福島県合宿!ソフトボール女子日本代表 五輪初戦まであと1年

 
本県入りし福島市の信夫ケ丘球場で練習を行うソフトボール女子日本代表

 来年の東京五輪で金メダルが期待されるソフトボール女子日本代表が、福島市のあづま球場で行われる初戦を1年後に控えた22日、同市で強化合宿に入った。試合会場となる同球場は改修工事中のため、同市の信夫ケ丘球場などで27日まで練習を行う。

 宇津木麗華監督や山田恵里主将(日立)、藤田倭(やまと)投手(太陽誘電)ら23人が参加。初日は霧雨の中、米国を意識した速球対策として男子投手を相手にした打撃や守備練習を行った。

 エースの上野由岐子投手(ビックカメラ高崎)は4月に打球を受けて顎を骨折した影響で不参加となった。

 23日、25~27日の午前9時~同11時の練習は一般公開される。女子日本代表は昨年6月にも本県で合宿を行った。

 ソフトボールは来年7月24日の開会式に先立ち、22日に全競技の先陣を切ってスタートする。日本は午前9時開始の開幕試合に登場する予定。

 監督、主将「気持ち引き締まる」

 ソフトボール女子日本代表の宇津木麗華監督、山田恵里主将は22日、強化合宿中の福島市で報道陣の取材に応じ、同市で東京五輪の初戦に臨んでいる1年後に思いを巡らせ「緊張感いっぱいで練習した。気持ちが引き締まっている」と語った。

 福島の夏の気候や東京都の選手村からの移動の距離感をつかむため同市で合宿を組んだ。雨天で福島らしくない涼しさだったが、宇津木監督は「雨で滑ってボールにスピンがかかりやすく、選手と会話しながら対策を考えることができ、雨で良かった」と前向きに捉えた。本番を見据え「1年後の今日は先頭に立って勝ちたい。日本のソフトボールは体だけでなく、頭をしっかり使うことで強くなった。頭を使った戦術を身に付けたい」と意気込んだ。

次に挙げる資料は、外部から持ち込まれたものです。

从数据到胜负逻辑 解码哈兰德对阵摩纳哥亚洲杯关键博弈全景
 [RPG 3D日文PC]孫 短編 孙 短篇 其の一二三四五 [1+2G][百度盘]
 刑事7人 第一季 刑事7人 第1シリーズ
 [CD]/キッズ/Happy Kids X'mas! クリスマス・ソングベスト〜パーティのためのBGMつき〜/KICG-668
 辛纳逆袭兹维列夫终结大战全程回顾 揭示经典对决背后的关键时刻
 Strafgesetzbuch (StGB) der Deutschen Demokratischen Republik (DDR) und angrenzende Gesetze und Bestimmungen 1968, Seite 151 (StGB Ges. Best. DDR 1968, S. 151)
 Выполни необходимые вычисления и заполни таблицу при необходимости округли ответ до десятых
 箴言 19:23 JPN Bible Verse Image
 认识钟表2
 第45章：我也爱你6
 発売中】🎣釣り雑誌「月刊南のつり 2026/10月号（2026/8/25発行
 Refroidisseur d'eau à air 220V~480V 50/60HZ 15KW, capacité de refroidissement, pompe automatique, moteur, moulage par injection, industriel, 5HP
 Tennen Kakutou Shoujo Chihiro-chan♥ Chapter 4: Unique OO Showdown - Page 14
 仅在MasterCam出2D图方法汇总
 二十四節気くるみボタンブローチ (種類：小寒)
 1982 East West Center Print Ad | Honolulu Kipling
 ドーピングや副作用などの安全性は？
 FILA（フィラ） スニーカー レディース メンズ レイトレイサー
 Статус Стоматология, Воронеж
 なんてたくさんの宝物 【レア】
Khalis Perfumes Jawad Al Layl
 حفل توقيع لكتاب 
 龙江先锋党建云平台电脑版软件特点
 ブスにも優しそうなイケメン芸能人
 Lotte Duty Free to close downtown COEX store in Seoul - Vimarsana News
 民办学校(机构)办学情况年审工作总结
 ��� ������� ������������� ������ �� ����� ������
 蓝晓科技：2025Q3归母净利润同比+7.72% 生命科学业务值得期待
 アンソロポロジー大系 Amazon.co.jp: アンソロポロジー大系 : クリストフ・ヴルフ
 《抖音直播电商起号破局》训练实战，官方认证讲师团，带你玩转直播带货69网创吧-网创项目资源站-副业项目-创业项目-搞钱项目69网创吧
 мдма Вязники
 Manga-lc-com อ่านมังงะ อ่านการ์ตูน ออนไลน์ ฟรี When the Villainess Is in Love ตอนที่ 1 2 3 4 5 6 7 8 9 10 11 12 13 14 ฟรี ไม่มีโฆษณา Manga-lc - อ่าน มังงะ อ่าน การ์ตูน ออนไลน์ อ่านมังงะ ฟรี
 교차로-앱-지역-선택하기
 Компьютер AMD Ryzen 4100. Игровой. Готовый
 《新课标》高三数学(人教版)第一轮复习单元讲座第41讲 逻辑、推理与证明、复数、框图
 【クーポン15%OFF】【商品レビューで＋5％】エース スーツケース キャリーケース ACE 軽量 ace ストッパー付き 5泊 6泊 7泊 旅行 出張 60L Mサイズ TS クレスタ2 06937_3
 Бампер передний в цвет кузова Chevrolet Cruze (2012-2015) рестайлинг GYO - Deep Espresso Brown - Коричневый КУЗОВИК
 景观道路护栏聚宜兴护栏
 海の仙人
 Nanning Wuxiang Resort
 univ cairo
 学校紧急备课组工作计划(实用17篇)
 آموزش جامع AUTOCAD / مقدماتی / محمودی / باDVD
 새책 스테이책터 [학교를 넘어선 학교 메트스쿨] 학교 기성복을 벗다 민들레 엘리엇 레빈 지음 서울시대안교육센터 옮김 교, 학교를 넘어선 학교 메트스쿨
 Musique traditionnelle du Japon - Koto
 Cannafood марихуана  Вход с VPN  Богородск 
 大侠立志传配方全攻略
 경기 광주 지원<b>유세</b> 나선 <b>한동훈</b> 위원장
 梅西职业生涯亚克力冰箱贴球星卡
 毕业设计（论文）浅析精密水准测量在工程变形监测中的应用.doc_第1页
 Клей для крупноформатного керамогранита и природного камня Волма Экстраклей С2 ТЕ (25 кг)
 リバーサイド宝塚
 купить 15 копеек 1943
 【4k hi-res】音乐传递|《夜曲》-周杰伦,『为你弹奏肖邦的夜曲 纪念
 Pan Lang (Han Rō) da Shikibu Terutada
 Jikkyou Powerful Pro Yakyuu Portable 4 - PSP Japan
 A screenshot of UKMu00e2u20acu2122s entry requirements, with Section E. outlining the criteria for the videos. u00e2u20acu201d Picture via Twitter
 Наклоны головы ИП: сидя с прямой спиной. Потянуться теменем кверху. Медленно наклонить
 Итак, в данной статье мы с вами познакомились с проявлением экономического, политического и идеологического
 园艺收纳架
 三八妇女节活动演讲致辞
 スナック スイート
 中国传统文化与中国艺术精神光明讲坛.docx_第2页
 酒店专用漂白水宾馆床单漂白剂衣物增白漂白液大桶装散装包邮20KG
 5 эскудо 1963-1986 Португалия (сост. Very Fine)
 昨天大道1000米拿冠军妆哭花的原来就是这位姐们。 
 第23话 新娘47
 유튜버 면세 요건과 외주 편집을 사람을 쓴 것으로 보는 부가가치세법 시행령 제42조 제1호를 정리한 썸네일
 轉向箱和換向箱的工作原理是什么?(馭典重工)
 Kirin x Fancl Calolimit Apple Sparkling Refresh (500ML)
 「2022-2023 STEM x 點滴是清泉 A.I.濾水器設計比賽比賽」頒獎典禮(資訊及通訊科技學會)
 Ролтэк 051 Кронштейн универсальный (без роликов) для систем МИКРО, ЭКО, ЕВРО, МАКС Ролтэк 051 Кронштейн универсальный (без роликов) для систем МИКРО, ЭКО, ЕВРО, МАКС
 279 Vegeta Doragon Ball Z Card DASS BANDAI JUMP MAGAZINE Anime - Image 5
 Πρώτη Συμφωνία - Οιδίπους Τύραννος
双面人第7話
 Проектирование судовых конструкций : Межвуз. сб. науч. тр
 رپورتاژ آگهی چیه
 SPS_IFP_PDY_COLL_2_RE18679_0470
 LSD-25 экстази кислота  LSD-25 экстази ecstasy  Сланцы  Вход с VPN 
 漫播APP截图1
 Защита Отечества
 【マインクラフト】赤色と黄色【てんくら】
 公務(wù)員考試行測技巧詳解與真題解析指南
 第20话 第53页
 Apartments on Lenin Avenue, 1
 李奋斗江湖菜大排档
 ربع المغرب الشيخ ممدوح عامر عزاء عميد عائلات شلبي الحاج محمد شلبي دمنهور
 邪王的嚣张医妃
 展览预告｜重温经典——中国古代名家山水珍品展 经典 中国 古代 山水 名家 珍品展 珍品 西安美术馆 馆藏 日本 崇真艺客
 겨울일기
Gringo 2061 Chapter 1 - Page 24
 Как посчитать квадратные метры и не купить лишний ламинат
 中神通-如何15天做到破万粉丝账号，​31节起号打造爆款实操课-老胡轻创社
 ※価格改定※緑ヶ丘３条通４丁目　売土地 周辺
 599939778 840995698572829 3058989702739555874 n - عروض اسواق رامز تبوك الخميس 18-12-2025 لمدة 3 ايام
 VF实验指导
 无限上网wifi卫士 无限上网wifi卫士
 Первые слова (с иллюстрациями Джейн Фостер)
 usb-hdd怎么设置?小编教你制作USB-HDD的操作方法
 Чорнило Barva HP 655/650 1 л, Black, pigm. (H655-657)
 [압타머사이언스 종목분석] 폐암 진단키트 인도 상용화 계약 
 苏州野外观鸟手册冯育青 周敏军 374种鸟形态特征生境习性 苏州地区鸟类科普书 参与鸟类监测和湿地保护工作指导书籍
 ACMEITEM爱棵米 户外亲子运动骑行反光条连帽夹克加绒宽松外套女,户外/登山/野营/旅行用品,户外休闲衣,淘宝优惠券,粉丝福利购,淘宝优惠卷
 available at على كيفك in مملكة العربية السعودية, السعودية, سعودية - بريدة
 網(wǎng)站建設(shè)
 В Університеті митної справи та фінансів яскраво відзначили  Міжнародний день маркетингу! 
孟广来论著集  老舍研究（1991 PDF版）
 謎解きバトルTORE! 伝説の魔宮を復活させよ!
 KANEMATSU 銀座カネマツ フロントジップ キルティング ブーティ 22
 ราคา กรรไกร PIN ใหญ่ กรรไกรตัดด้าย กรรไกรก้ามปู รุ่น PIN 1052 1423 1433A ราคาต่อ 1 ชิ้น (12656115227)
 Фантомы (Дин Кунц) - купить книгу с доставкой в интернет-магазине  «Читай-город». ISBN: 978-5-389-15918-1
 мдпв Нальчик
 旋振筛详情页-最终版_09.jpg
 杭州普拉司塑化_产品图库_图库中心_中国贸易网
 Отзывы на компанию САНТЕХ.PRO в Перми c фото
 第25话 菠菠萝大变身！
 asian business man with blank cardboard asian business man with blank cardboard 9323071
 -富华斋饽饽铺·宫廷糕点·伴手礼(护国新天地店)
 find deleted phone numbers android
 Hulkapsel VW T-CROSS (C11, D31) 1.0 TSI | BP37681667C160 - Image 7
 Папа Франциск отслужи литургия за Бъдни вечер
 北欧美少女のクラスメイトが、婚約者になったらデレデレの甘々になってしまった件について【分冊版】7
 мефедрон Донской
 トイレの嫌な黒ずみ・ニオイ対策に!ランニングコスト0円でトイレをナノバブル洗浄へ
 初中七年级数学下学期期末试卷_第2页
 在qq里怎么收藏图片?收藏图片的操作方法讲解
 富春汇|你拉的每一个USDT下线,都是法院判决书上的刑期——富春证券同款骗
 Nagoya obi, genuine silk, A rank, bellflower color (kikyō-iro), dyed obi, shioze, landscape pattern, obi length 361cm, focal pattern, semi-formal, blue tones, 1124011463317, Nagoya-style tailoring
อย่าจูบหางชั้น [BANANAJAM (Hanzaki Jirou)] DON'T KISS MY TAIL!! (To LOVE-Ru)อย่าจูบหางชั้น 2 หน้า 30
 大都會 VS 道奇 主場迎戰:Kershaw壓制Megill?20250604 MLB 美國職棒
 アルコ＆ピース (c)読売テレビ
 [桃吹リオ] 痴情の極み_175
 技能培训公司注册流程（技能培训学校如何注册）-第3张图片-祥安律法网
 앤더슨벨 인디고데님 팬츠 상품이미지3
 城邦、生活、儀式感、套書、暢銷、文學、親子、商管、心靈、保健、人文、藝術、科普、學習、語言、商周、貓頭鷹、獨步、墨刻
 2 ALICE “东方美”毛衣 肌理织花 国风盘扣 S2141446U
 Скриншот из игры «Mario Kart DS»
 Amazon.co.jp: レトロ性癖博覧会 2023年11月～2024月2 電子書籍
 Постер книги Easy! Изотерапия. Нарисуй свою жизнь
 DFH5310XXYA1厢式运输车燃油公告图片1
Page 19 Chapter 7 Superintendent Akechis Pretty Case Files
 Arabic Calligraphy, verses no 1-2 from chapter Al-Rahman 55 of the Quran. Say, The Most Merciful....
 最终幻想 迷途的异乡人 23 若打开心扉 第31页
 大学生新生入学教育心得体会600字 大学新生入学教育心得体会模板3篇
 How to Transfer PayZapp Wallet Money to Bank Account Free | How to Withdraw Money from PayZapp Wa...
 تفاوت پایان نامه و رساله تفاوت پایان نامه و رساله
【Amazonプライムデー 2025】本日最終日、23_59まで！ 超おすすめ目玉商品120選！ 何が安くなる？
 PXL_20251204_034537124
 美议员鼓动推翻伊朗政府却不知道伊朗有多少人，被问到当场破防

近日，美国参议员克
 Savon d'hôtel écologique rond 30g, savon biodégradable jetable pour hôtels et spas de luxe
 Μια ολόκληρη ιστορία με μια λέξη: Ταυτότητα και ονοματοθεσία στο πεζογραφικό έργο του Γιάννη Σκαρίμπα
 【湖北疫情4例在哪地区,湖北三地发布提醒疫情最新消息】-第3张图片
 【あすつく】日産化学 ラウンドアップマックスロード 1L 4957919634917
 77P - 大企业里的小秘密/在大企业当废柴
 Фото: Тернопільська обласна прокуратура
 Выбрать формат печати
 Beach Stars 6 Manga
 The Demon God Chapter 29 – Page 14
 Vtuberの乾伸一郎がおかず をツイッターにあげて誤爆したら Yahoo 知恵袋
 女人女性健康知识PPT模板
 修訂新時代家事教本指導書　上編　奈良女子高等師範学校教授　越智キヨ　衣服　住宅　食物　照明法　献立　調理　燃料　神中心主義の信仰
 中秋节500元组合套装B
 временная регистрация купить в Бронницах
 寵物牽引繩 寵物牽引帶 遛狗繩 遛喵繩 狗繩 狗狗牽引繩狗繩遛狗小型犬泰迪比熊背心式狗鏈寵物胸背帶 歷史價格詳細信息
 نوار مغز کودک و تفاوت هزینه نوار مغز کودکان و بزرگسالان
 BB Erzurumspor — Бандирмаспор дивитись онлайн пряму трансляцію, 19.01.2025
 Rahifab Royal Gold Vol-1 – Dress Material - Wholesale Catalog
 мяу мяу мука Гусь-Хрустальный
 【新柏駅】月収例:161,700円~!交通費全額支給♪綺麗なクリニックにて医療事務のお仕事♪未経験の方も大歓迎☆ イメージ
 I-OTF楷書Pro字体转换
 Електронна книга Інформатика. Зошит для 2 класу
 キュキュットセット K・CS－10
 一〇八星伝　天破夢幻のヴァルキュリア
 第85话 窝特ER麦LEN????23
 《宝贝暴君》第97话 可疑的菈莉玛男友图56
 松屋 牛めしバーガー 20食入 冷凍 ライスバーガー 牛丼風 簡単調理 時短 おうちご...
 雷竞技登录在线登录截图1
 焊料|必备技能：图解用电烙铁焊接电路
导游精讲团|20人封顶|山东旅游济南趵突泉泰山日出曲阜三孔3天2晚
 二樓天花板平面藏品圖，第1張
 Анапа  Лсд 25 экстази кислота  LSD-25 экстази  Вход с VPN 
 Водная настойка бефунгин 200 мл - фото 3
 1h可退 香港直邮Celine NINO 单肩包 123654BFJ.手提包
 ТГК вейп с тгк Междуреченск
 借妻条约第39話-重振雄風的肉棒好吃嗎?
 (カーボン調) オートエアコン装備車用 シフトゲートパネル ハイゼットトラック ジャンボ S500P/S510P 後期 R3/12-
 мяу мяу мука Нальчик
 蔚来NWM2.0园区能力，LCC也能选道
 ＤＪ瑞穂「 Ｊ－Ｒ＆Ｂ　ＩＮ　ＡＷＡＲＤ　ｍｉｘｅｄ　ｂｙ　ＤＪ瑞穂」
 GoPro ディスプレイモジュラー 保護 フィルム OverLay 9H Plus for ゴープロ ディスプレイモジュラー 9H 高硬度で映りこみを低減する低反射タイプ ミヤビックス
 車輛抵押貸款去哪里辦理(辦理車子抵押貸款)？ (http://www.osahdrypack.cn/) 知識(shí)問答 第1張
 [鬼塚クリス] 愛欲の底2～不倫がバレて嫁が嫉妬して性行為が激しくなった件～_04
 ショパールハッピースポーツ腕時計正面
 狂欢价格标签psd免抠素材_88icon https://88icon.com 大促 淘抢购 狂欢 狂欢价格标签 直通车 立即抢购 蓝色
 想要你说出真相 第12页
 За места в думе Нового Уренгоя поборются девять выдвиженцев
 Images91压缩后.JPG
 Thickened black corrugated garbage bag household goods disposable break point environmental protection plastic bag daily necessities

 2008年北京五輪金メダルメンバーの山田主将は「五輪の怖さと勝った喜びを経験し、さらに今回は日本開催で期待が大きく、北京五輪の1年前と比べて危機感と緊張感がある」と告白。その上で「金メダルを取ることが使命。力を出しにくい五輪の舞台なので、どんな状況でも物おじしない強いチームをつくりたい」と決意した。